## PROBLEM REQUIREMENTS:
Find each line below containing the word "With" and copy it.

## RAW DATA:
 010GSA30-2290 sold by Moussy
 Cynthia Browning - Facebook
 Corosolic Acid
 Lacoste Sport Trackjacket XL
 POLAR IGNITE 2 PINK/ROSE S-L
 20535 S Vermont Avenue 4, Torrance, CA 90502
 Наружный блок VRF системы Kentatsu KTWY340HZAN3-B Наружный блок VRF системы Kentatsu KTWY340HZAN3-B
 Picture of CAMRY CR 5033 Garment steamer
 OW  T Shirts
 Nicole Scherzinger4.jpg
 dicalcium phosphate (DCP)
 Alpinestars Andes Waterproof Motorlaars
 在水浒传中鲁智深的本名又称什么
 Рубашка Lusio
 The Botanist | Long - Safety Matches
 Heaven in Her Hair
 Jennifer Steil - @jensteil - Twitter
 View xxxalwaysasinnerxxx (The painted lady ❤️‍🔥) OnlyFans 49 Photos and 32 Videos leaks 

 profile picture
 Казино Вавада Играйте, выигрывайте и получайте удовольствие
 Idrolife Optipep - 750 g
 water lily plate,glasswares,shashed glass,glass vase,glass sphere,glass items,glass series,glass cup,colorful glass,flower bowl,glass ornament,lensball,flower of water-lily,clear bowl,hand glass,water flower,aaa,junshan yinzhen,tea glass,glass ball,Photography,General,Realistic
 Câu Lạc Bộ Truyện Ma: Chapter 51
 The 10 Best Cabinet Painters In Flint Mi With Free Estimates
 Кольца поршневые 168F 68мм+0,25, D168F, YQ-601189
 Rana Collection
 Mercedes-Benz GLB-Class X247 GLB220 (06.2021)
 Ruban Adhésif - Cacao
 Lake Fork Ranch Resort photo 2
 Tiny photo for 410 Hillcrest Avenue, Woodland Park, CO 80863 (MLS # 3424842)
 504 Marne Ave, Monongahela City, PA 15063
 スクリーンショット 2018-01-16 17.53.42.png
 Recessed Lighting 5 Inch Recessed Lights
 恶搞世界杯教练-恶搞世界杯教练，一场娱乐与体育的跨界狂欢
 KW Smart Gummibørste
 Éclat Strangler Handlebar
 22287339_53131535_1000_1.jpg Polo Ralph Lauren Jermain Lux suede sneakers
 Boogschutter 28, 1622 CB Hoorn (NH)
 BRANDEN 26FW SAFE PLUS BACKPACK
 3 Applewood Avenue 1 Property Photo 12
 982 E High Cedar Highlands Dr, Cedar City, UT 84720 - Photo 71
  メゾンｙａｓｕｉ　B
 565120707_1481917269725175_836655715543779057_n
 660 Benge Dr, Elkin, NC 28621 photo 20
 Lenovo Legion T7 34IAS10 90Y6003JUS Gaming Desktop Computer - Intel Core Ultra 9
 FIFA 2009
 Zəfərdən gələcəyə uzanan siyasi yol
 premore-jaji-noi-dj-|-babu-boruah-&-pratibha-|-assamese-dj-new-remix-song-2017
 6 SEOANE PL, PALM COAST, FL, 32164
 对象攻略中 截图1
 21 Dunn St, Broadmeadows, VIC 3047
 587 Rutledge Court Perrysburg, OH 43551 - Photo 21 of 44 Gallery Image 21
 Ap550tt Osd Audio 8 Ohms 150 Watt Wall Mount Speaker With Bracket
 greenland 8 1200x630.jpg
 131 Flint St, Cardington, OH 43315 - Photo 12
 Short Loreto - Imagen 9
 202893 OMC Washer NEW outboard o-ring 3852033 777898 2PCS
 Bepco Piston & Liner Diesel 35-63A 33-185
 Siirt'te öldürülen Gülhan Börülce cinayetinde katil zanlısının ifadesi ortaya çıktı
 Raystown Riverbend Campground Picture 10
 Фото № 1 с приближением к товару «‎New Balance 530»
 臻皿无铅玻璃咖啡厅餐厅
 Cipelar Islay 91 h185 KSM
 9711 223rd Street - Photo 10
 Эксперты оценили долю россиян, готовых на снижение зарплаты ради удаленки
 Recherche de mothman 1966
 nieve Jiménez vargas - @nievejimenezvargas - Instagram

## RESPONSE TO THE TASK:
 The 10 Best Cabinet Painters In Flint Mi With Free Estimates
 Ap550tt Osd Audio 8 Ohms 150 Watt Wall Mount Speaker With Bracket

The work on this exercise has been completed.